Троя против всех - Александр Стесин
Шрифт:
Интервал:
Закладка:
– Это мне тоже что-то напоминает. Там, откуда я родом, любили говорить, что революцию сделали евреи.
– А разве это не так? Впрочем, про русскую революцию я недостаточно знаю. Вернемся в Анголу. После революции тут многие поменяли свои португальские фамилии обратно на африканские. А вот ножом и вилкой по сей день пользуются даже в муссеках. И по-португальски говорят. Иначе говоря, португальский язык им навязали. Так же как и наше понятие о правосудии и все остальное. Кстати, я не считаю, что это обязательно плохо. У меня, как вы знаете, к колониализму отношение двойственное. С одной стороны, да, миллионы человеческих жизней, миллионы вывезенных рабов. Хотя не стоит забывать, что работорговля процветала здесь задолго до прихода европейцев. Не в таких масштабах, конечно. Не на промышленной, так сказать, основе. И все же, все же. Знаете, у мбунду есть пословица: «Тот, кто приходит к вам в дом, не разобьет яйцо, если только вы сами не покажете ему, где оно лежит». Вот, а с другой стороны, мы дали им настоящую медицину взамен колдунов с их экстравагантными, но совершенно бесполезными ритуалами. И ведь, заметьте, это наставление не было таким уж легким. Никто не верил в науку белых. Если больной умрет, виноват белый доктор, а если выздоровеет, выручили боги. Тут, правда, сильно помогла религия. Католицизм. Или протестантство – там, где были простестанты. У баконго на севере. И на юге – у овимбунду. Тех обихаживали миссионеры из Северной Европы, с португальцами контакта было мало. Португальцы оставались на побережье. Ну, католицизм или протестантство, не так уж важно, да простят меня наши ирландские друзья. Суть в том, что к христианству все эти племена оказались более восприимчивы, чем к европейской науке и медицине. Но для африканцев религия и медицина неразрывны. Европейцы этим воспользовались для общего блага. Знаете ли вы, дорогой Дэмиен, что в прежние времена приходские священники занимались здесь в том числе и врачеванием? На самом элементарном уровне, конечно. Прописывали прихожанам средство от глистов, например, или от малярии. И это спасло много жизней. Так что, может быть, вопреки общепринятому мнению политика насильственного европеизирования была даже где-то необходима. Но речь сейчас не об этом. Речь только о том, что навязанное не может стать родным. А если и может, для этого должно пройти очень много времени. Одного-двух поколений тут недостаточно. Поэтому я и говорю, что ни португальский язык, ни наша идея конституционного права не воспринимаются ими как абсолютно свои, даже если они не знают ничего другого.
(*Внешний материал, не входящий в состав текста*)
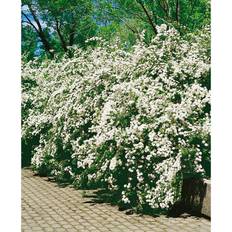 Häck Bukettspirea 20-40Cm 20-Pack Krukodlad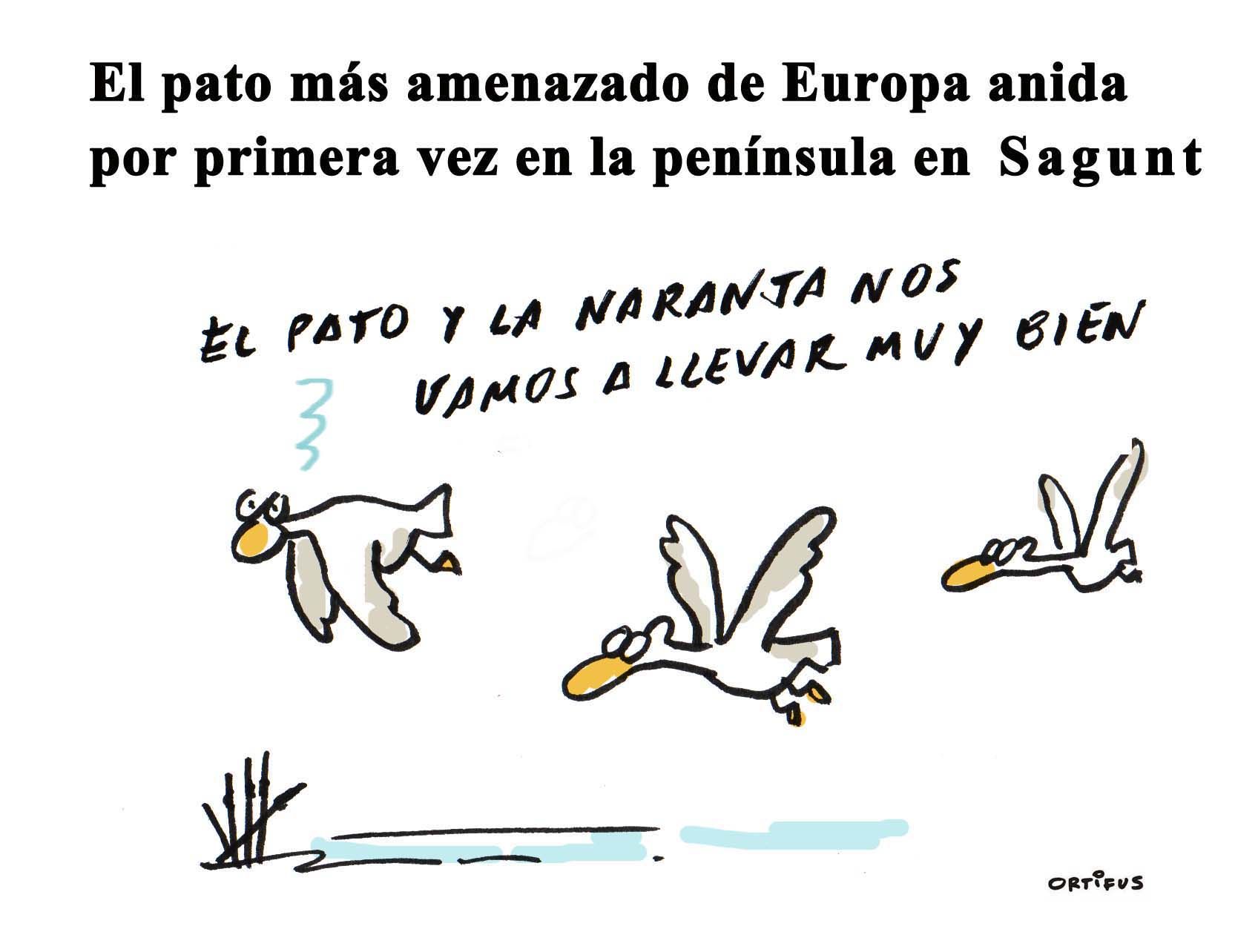 El pato más amenazado de Europa anida por primera vez en la península en Sagunt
Я открыл было рот, чтобы возразить, но обнаружил, что, пока Синди-эсквайр выстраивал свою аргументацию, ловко перекидывая мосты от одного спорного тезиса к другому, оппонирующая сторона уже позабыла, что хотела сказать. В адвокатском таланте Синди не откажешь. Этот человек кому хочешь объяснит, что белое – это черное, а черное – белое. Ведь он только что окольными путями обосновывал совершенно дикое утверждение, что для ангольца португальский язык – не родной, даже если он не знает никакого другого! Сказать очевидную чушь, но преподнести ее так, чтобы присяжные призадумались. Талант.
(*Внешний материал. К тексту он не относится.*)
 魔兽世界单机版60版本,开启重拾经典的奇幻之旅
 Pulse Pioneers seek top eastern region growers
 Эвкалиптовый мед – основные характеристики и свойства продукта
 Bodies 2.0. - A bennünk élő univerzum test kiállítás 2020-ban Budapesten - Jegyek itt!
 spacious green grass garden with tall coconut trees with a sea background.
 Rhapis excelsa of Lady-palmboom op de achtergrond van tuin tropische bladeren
И вот уже я чешу репу: может, не совсем чушь? Вспоминаю: когда мы только приехали в Чикаго, я наблюдался у школьного психолога мистера Бьюсила. Не то чтобы я дал для этого повод или обратился к козлобородому Бьюсилу за помощью. Нет, психолог сам заинтересовался новичком – по-видимому, просто потому, что до этого у них в школе никогда не было русских. Душевное благополучие мальчика-иммигранта всерьез волновало Бьюсила, и он как мог старался помочь. Однажды утром он пригласил меня к себе в кабинет и со всей торжественностью сообщил: «Я нашел тебе друга. Он, как и ты, русский». «Русского» друга звали Гуннар Сото. Его мать и вправду была русской, отец – аргентинцем. При этом родился он в Швеции, а в Америку попал примерно тогда же, когда и я. Этот Гуннар был поистине уникален: чуть-чуть говорил по-русски, чуть-чуть – по-испански, по-английски, по-шведски… И ни одним из этих языков не владел хоть сколько-нибудь прилично. Надо ли говорить, что дружбы у нас с ним не получилось? Я так и сказал участливому Бьюсилу: мы не смогли найти общий язык. Теперь я вспомнил эту давнюю историю как пример того, что у человека может не быть родного языка. Бывает и такое. Но, разумеется, к той ахинее, которую нес Синди, история бедного Гуннара не имела ни малейшего отношения.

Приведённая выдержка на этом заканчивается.